Roberts, too, was ready with history lessons. In his opinion, he noted that in 1965, white voter registration in Mississippi was nearly 70 percent and black registration stood at 6.7 percent. By 2004, a greater percentage of blacks than whites were registered to vote in the state, and that was true in five of the six states originally covered by Section 5.

"These are the numbers that were before Congress when it reauthorized the act in 2006," he said.

Roberts cited the deaths of men registering others to vote in Philadelphia, Miss., and "Bloody Sunday" in Selma, Ala. "Today both of these towns are governed by African-American mayors," Roberts wrote. Yet the "extraordinary and unprecedented features" of Section 5, along with the coverage formula, were reauthorized "as if nothing had changed" in America.

'EGREGIOUS BETRAYAL'

Reaction to the ruling was impassioned.

Edward Blum, who coordinated the current challenge to Section 5 and a previous one in 2009, said the decision "restores an important constitutional order to our system of government which requires that all 50 states are entitled to equal dignity and sovereignty. Our nation's laws must apply uniformly to each state and jurisdiction."
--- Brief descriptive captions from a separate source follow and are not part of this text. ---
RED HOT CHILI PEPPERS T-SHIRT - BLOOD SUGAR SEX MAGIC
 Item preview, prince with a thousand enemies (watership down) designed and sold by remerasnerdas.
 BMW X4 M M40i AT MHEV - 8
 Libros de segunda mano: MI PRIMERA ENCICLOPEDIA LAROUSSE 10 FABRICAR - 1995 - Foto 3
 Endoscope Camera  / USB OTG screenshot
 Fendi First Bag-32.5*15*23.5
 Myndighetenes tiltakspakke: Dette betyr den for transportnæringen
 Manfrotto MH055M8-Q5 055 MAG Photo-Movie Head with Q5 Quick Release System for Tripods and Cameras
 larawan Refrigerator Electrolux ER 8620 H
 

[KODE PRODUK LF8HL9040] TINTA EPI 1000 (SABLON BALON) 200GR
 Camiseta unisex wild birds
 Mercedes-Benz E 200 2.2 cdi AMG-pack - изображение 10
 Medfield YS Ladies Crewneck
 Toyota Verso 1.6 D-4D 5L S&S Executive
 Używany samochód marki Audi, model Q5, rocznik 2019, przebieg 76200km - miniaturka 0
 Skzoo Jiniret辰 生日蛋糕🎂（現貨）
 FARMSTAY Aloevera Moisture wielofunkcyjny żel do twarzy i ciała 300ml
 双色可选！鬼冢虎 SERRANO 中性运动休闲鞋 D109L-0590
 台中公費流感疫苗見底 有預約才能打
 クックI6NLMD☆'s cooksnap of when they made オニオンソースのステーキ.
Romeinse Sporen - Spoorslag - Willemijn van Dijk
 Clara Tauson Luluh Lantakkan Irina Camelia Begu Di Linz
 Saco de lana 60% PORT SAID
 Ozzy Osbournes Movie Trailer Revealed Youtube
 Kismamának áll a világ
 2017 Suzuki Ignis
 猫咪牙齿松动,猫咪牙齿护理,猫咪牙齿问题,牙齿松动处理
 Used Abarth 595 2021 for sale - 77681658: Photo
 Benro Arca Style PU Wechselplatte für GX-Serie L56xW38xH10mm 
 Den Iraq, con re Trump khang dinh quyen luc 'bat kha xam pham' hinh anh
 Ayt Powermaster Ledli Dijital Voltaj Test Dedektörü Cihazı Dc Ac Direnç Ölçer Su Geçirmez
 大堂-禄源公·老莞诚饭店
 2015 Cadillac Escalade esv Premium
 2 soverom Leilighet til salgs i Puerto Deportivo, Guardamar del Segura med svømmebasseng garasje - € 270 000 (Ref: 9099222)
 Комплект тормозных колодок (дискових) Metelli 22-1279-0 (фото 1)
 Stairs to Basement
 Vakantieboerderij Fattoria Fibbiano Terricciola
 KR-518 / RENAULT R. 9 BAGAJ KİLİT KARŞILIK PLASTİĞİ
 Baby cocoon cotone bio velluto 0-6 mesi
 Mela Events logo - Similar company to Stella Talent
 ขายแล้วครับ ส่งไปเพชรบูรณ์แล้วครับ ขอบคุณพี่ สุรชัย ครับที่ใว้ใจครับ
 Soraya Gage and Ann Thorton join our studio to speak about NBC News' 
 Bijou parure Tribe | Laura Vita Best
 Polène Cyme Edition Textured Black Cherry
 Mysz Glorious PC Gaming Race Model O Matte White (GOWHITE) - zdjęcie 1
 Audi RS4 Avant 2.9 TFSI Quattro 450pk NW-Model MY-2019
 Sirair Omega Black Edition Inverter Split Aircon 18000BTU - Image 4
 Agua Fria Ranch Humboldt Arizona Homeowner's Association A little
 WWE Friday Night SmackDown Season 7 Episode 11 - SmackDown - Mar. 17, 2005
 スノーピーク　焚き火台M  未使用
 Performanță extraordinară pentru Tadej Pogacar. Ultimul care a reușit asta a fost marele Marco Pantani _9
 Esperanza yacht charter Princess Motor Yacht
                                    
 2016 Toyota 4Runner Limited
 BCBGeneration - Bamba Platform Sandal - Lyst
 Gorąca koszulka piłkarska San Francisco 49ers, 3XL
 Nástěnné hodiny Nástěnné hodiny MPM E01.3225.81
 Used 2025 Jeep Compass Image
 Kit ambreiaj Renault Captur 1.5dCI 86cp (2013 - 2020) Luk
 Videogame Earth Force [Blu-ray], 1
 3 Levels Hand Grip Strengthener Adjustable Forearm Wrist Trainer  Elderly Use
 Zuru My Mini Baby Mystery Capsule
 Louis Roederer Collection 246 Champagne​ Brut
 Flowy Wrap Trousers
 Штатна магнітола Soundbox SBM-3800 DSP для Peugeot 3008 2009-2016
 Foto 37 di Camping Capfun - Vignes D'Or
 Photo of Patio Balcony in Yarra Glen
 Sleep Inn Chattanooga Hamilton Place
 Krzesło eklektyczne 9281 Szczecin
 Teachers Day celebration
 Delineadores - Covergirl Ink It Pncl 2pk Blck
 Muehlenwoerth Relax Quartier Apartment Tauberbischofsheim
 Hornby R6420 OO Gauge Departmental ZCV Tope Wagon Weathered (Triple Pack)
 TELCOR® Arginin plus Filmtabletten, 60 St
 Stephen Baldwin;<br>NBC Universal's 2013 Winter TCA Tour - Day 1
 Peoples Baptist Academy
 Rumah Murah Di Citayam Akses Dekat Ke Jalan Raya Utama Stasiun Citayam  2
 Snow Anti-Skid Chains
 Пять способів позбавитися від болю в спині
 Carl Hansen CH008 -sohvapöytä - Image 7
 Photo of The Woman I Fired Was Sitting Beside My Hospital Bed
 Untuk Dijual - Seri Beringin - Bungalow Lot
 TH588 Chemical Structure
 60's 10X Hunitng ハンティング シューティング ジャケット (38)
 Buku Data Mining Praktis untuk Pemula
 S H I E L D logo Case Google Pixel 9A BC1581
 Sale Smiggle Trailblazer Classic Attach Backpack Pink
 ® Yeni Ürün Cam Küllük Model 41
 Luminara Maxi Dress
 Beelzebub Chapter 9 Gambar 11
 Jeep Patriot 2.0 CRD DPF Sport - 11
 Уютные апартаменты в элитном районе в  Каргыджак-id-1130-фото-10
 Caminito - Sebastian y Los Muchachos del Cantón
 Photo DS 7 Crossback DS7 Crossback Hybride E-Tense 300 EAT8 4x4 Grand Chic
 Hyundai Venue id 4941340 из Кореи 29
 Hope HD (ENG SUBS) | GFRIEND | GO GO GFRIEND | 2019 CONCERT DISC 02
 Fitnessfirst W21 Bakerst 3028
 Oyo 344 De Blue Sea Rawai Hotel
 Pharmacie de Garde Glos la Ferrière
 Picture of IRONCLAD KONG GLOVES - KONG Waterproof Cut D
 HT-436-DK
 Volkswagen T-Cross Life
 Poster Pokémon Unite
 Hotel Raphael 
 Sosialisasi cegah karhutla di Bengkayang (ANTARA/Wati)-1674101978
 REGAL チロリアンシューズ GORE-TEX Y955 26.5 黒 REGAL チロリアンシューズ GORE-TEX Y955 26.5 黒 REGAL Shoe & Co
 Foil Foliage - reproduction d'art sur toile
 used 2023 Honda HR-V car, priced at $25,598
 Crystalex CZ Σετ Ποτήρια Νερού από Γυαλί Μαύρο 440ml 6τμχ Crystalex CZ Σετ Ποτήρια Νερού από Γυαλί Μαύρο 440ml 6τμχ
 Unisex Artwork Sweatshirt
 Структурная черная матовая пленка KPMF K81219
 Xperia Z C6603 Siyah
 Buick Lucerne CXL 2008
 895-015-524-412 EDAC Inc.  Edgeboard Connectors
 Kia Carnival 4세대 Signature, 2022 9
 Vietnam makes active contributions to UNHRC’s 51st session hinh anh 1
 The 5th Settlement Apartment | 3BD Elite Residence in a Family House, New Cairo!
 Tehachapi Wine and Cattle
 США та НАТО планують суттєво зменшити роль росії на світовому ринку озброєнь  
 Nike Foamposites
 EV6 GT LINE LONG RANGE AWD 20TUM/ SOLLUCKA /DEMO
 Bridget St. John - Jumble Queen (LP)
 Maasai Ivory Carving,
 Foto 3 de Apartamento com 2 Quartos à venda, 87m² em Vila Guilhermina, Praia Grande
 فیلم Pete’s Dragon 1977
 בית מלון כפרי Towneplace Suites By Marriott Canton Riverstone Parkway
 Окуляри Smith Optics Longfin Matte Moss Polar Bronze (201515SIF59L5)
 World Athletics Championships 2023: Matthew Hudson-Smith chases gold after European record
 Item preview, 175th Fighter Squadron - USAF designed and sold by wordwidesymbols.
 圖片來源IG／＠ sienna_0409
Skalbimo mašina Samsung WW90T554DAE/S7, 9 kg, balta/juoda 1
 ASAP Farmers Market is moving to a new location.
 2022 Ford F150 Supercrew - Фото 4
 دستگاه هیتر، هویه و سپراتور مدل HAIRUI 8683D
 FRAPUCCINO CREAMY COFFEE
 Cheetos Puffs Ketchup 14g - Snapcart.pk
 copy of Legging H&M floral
Civil rights groups were outraged, though. "I think we should not soft-pedal what is an egregious betrayal of minority voters," said Sherrilyn Ifill, head of the NAACP Legal Defense Fund, whose lawyers participated in the case.

In his opinion, Roberts noted that the decision "in no way affects the permanent, nationwide ban on racial discrimination in voting" found in another part of the Voting Rights Act. And he said that "Congress may draft another formula based on current conditions."

But whether there is any bipartisan appetite for that on Capitol Hill is questionable; some lawmakers said such an attempt would be unsuccessful.